# Sample size calculator to estimate mean

## Sample size to estimate mean

In inferential statistics, knowing how many samples to take from the population is extremely important.

In this tutorial we will explore how to determine minimum sample size needed to estimate population mean with a given amount of error and desired confidence level.

## Sample size to estimate mean

The formula to estimate the sample size required to estimate the mean is

 $$n =\bigg(\dfrac{z\sigma}{E}\bigg)^2$$
where $z$ is the $Z_{\alpha/2}$, $\sigma$ is the population standard deviation and $E$ is the margin of error.

## Sample size Calculator to estimate mean

Use this calculator to find the minimum sample size required to estimate population mean $\mu$.

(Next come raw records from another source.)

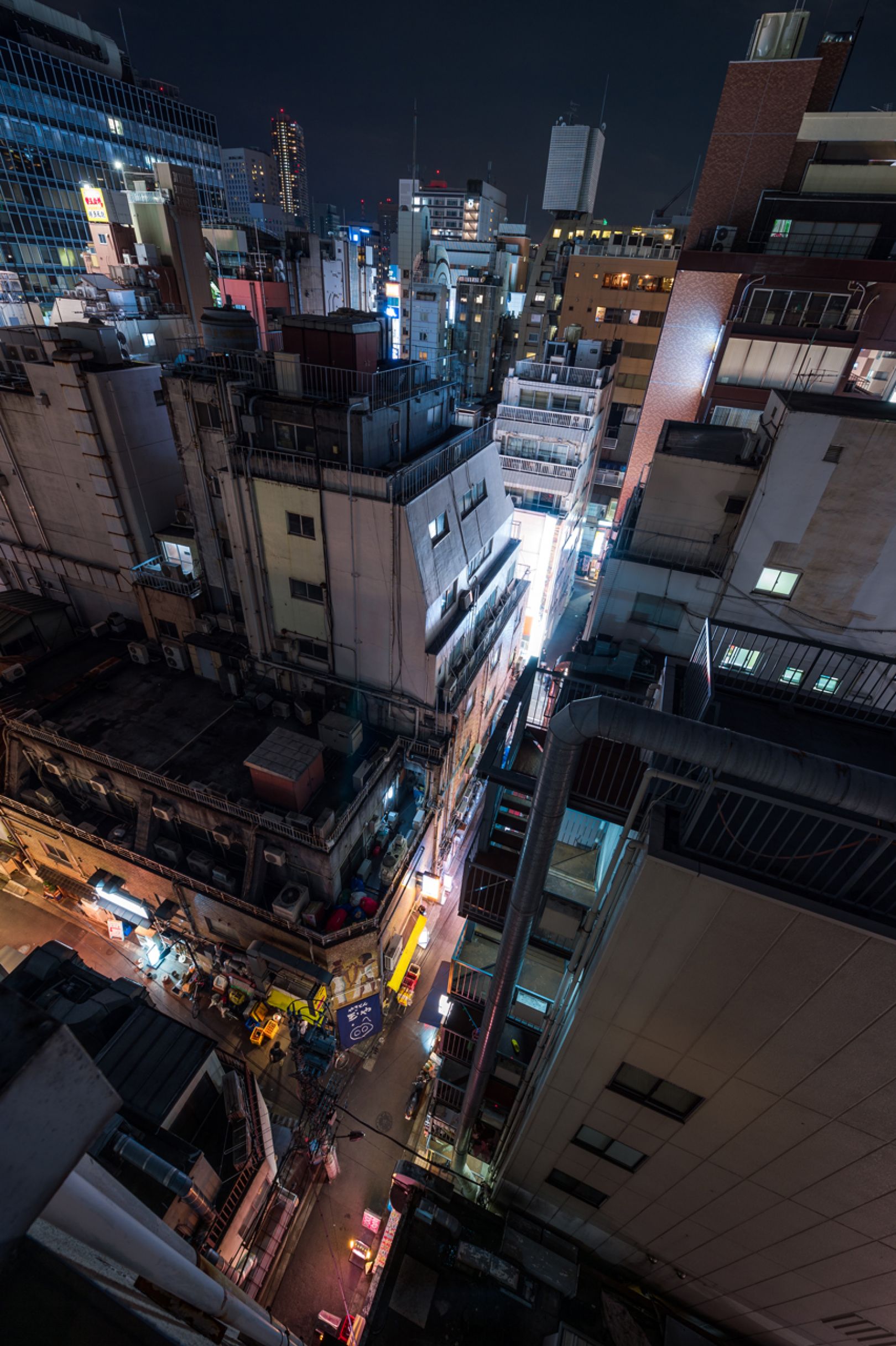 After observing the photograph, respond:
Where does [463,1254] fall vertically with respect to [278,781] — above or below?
below

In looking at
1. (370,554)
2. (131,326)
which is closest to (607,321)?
(131,326)

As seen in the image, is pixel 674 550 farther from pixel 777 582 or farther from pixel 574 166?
pixel 574 166

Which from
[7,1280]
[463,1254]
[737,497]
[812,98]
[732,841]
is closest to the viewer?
[7,1280]

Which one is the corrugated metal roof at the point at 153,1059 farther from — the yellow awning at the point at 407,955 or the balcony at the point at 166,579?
the balcony at the point at 166,579

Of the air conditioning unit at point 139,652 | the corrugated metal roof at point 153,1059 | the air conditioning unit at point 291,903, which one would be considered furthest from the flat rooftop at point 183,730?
the corrugated metal roof at point 153,1059

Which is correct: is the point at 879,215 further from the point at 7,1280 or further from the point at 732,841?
the point at 7,1280

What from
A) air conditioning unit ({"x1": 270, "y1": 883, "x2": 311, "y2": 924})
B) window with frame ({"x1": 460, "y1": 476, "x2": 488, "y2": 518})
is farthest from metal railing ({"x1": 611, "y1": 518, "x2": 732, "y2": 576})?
air conditioning unit ({"x1": 270, "y1": 883, "x2": 311, "y2": 924})

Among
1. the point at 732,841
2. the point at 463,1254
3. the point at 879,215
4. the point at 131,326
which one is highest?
the point at 879,215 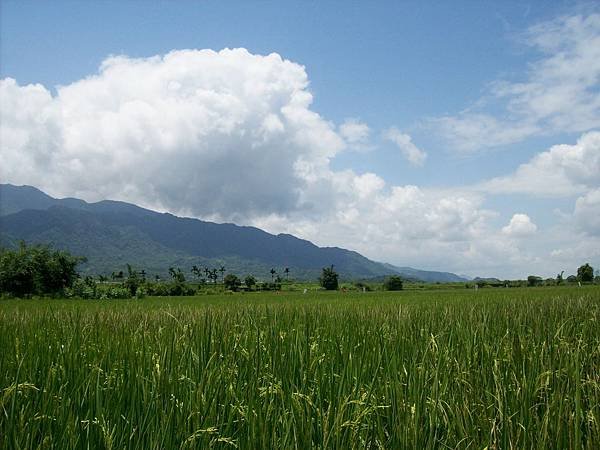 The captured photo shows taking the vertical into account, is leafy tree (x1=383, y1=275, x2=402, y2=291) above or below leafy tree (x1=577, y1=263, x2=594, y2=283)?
below

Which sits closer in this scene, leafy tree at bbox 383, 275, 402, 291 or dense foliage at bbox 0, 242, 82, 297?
dense foliage at bbox 0, 242, 82, 297

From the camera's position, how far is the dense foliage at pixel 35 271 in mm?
53719

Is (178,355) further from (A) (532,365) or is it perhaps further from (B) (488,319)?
(B) (488,319)

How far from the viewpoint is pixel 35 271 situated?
55.3m

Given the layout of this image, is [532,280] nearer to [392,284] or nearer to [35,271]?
[392,284]

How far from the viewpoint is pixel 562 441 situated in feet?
8.60

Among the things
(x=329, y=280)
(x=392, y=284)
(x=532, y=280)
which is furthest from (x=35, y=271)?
(x=532, y=280)

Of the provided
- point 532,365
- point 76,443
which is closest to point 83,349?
point 76,443

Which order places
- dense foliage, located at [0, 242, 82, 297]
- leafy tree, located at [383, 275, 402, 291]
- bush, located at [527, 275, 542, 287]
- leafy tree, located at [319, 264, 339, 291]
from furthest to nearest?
leafy tree, located at [319, 264, 339, 291] < bush, located at [527, 275, 542, 287] < leafy tree, located at [383, 275, 402, 291] < dense foliage, located at [0, 242, 82, 297]

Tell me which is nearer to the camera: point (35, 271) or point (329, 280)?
point (35, 271)

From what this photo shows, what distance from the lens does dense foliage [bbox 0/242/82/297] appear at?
53719mm

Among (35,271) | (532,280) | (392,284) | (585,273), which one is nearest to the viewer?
(35,271)

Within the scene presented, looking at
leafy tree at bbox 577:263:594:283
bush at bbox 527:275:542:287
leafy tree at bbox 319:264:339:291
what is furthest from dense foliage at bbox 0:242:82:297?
leafy tree at bbox 577:263:594:283

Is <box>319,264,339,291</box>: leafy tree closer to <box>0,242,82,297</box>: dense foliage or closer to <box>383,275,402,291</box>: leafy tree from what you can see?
<box>383,275,402,291</box>: leafy tree
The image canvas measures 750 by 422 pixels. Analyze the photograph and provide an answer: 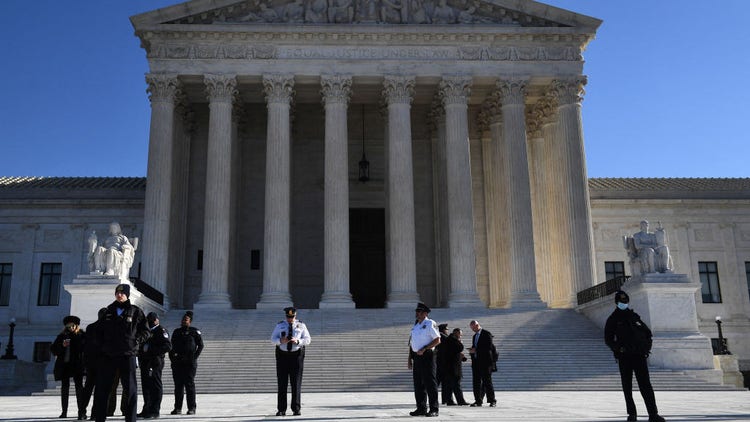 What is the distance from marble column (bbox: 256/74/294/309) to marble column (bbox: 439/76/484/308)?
A: 7421 millimetres

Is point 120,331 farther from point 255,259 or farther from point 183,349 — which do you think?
point 255,259

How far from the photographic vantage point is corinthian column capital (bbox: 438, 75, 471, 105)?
1366 inches

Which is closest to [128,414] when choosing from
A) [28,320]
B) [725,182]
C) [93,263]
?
[93,263]

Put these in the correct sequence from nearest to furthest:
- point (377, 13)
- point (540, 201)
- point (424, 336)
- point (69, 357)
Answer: point (424, 336) → point (69, 357) → point (377, 13) → point (540, 201)

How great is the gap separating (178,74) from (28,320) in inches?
624

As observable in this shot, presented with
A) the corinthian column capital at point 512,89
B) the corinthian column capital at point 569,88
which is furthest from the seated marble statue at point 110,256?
the corinthian column capital at point 569,88

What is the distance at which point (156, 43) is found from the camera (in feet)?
112

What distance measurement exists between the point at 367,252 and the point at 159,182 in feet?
39.9

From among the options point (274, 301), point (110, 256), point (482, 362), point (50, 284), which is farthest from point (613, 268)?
point (50, 284)

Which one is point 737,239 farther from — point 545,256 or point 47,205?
point 47,205

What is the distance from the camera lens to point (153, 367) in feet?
43.7

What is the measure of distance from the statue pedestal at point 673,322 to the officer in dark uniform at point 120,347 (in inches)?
752

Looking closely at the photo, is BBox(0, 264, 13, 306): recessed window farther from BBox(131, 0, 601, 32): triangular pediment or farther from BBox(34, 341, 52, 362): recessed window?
BBox(131, 0, 601, 32): triangular pediment

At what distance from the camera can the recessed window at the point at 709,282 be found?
4162 centimetres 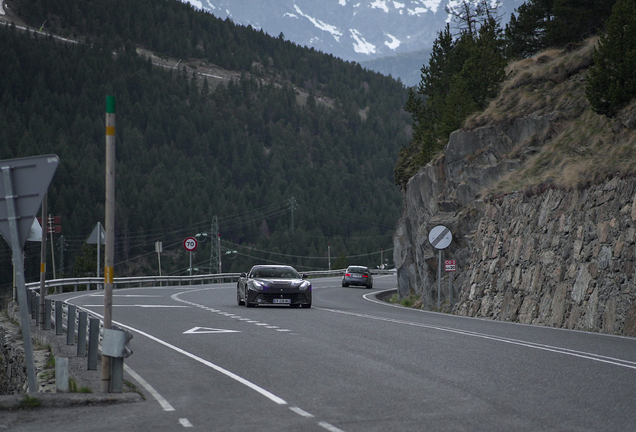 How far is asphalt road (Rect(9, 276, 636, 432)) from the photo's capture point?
721 centimetres

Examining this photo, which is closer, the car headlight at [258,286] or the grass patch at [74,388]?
the grass patch at [74,388]

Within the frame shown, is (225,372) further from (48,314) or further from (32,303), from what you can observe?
(32,303)

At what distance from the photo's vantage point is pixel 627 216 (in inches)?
707

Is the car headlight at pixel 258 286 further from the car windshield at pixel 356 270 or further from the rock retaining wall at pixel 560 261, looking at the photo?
the car windshield at pixel 356 270

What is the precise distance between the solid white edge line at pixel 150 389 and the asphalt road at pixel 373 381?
13 millimetres

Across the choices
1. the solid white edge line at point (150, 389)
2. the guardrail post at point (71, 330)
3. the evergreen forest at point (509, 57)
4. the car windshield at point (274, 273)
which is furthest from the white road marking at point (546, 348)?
the evergreen forest at point (509, 57)

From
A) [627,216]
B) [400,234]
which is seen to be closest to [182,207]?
[400,234]

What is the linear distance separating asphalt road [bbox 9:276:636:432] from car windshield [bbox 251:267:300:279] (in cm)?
867

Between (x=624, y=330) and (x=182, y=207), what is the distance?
464ft

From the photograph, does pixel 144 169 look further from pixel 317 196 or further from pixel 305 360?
pixel 305 360

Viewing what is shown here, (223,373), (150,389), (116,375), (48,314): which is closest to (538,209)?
(48,314)

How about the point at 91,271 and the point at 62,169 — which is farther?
the point at 62,169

Sample Size to estimate mean
Confidence Level ($1-\alpha$)
Standard Deviation ($\sigma$)
Margin of Error ($E$)
Results
Z value:
Required Sample Size : ($n$)

## How to use calculator to determine sample size to estimate mean?

Step 1 - Select the confidence level $(1-\alpha)$

Step 2 - Enter the standard deviation

Step 3 - Enter the margin of error $(E)$

Step 4 - Click on "Calculate" button to get the $Z$-value and the required sample size

## Sample size to estimate mean Example 1

An efficiency expert wishes to determine the average time that it takes to drill three holes in a certain metal clamp. How large a sample will she need to be 90% confident that her sample mean will be within 15 seconds of the true mean? Assume that it is known from previous studies that $\sigma = 40$ seconds.

#### Solution

Given that the standard deviation $\sigma =40$, margin of error $E =15$. The confidence coefficient is $1-\alpha=0.9$. Thus $\alpha = 0.1$.

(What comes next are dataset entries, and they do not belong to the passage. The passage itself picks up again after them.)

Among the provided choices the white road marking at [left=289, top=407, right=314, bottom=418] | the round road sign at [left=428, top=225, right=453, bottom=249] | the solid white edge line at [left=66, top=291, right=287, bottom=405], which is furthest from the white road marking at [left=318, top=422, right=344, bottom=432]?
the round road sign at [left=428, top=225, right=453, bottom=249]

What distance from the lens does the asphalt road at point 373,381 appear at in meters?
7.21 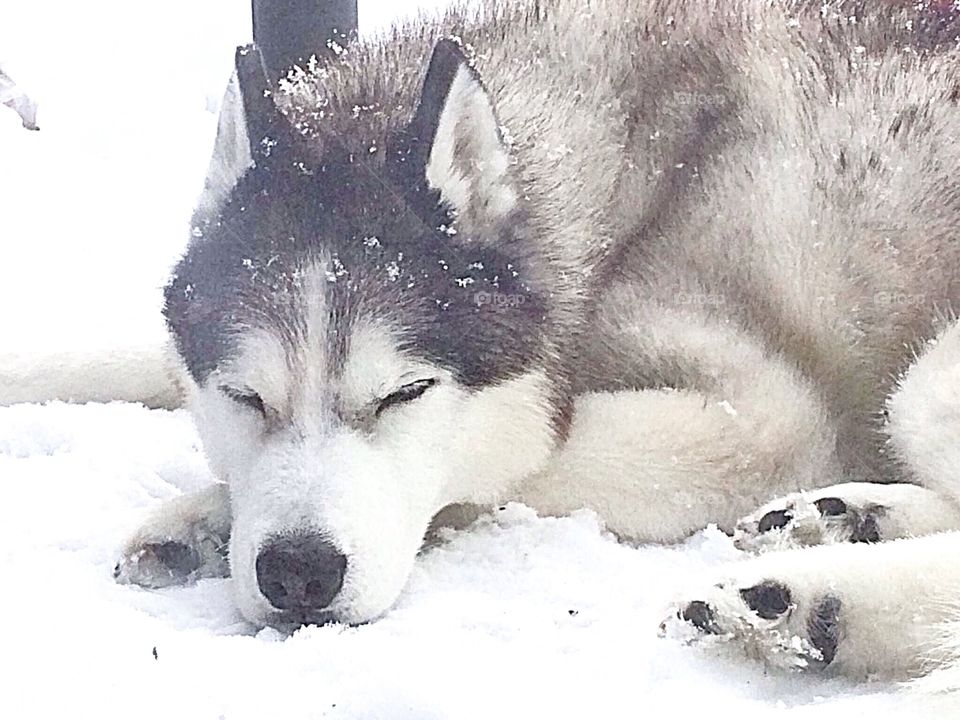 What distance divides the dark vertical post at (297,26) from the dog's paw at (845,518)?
185 centimetres

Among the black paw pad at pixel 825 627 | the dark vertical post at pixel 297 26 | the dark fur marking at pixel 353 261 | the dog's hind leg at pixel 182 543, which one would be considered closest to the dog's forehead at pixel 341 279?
the dark fur marking at pixel 353 261

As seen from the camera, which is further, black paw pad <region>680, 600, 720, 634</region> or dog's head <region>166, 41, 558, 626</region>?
dog's head <region>166, 41, 558, 626</region>

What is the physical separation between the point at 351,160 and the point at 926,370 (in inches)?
48.4

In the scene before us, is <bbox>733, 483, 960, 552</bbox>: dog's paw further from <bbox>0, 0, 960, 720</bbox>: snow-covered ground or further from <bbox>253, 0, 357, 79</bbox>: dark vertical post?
<bbox>253, 0, 357, 79</bbox>: dark vertical post

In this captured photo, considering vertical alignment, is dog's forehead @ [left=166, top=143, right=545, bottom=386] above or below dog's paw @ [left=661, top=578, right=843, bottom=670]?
above

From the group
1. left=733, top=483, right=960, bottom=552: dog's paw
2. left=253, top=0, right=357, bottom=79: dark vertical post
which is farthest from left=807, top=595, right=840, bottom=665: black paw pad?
left=253, top=0, right=357, bottom=79: dark vertical post

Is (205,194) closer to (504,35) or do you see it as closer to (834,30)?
(504,35)

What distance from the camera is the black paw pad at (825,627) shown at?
70.1 inches

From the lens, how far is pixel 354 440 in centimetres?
213

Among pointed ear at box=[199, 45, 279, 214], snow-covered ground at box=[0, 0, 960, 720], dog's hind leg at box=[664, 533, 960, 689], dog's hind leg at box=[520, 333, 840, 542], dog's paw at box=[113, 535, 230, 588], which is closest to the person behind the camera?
snow-covered ground at box=[0, 0, 960, 720]

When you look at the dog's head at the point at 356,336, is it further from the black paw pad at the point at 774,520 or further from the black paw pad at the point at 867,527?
the black paw pad at the point at 867,527

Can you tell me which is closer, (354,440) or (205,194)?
(354,440)

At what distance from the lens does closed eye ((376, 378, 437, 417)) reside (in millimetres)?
2199

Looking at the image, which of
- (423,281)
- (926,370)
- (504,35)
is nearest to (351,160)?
(423,281)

The critical value of $Z$ is $z=Z_{\alpha/2} = 1.64$.

The minimum sample size required to estimate the mean is

 \begin{aligned} n &= \bigg(\dfrac{z*\sigma}{E}\bigg)^2\\ & = \bigg(\dfrac{1.64*40}{15}\bigg)^2\\ & =19.126\\ &\approx 20. \end{aligned}
Thus, the sample of size $n=20$ will ensure that the $90$% confidence interval for the mean will have a margin of error $15$.

## Sample size to estimate mean Example 2

An electrical firm manufactures light bulbs that have a length of life that is approximately normal with a standard deviation of 30 hours. How large a sample is needed if we wish to be 99% confident that our sample mean will be within 10 hours of the true mean?

#### Solution

Given that the standard deviation $\sigma =30$, margin of error $E =10$. The confidence coefficient is $1-\alpha=0.99$. Thus $\alpha = 0.01$.

The critical value of $Z$ is $z=Z_{\alpha/2} = 2.58$.

The minimum sample size required to estimate the mean is

 \begin{aligned} n &= \bigg(\dfrac{z*\sigma}{E}\bigg)^2\\ & = \bigg(\dfrac{2.58*30}{10}\bigg)^2\\ & =59.9076\\ &\approx 60. \end{aligned}
Thus, the sample of size $n=60$ will ensure that the $99$% confidence interval for the mean will have a margin of error $10$.

## Sample size to estimate mean Example 3

How large a sample is needed to assess the population mean, with a standard deviation of \$17 with an allowable error of \$1.50 at 95 percent confidence?

#### Solution

Given that the standard deviation $\sigma =17$, margin of error $E =1.5$. The confidence coefficient is $1-\alpha=0.95$. Thus $\alpha = 0.05$.

The critical value of $Z$ is $z=Z_{\alpha/2} = 1.96$.

The minimum sample size required to estimate the mean is

 \begin{aligned} n &= \bigg(\dfrac{z*\sigma}{E}\bigg)^2\\ & = \bigg(\dfrac{1.96*17}{1.5}\bigg)^2\\ & =493.4322\\ &\approx 494. \end{aligned}

Thus, the sample of size $n=494$ will ensure that the $95$% confidence interval for the mean will have a margin of error $1.5$.

## Endnote

In this tutorial, you learned about how to determine the sample size required to estimate population mean. You also learned how to solve numerical examples on sample size determination to estimate mean.